Here in Nepal, there's a sense of limbo at the moment. While the level of violence has been alarming in recent weeks, there's not been the steady stream of body count press releases from the Defence Ministry that there was before the ceasefire earlier this year. Perhaps that's because, as one Nepali newspaper reported a ministry spokesman as saying, the army doesn't tell the Ministry what it's doing anymore. Or perhaps it's a deliberate strategy of keeping public expectations low. Or perhaps, more ominously, it's an attempt to minimise the impact of civilian casualties or even human rights problems as the recent incidents in Doramba and Doti seem to indicate.
This, in the end, is why the Nepali state, in whatever form it chooses to present itself, should now be honest with the Nepali people about its military aims in the fight against the Maoists. Because if this is all out war, as it seems to be, then war has rules and those rules must be respected. Even more, those who investigate the conduct of war need respect and support from both sides, but especially from the government and the security forces. War cannot be won by those who treat civilian security and rights as disposable quantities. This is the international standard to which conflicts are now held, especially if international support is to be proffered to one side over the other, as is the case right now in Nepal. Donor governments, those accused of interfering in the country's internal affairs, are increasingly uneasy about the potential for a spiral of violence here that could turn the place into another Afghanistan, another Cambodia.
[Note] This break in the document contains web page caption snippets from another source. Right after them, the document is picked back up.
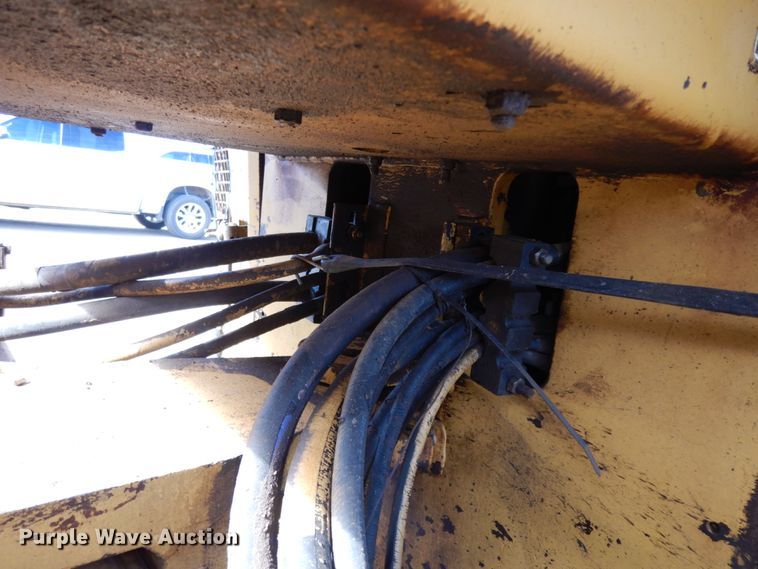 image for item DJ8239 1994 Caterpillar CB-634  double drum vibratory roller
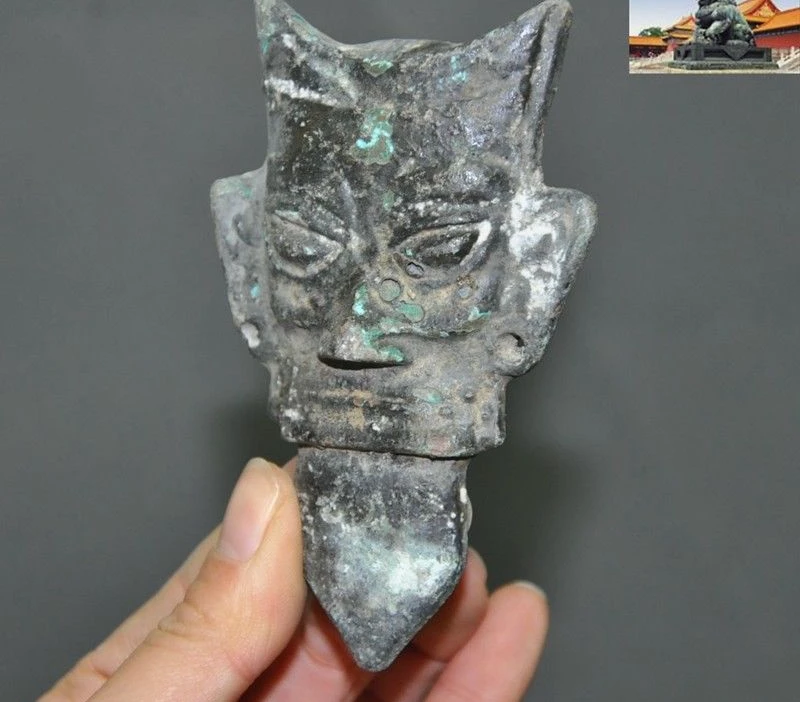4 &quotстаринная китайская бронза Sanxingdui культура жертвенность молитва люди голова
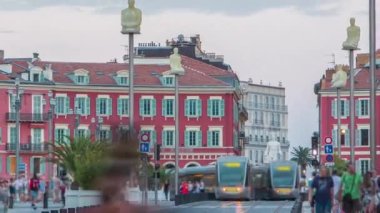 Nice şehrindeki Massena Meydanı 'nı günden geceye geçiş zamanı, Fransız Rivierası, Cote dAzur, Fransa. Tramvay rayları, sokak ışıkları ve aydınlatılmış binalar.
If this is not war, then what is it? Is there a strategy other than fighting the Maoists? Is anyone out there winning hearts and minds, or even trying to develop the country beyond the Kathmandu Valley and the richer sections of the tarai? Is there a role for the political parties and other parts of civil society in any of this? Will proven human rights abuses ever be properly and publicly handled, to the satisfaction of survivors, victims and others? What's more important? Peace? Or supremacy of arms? Tough questions, but the answers are probably even tougher.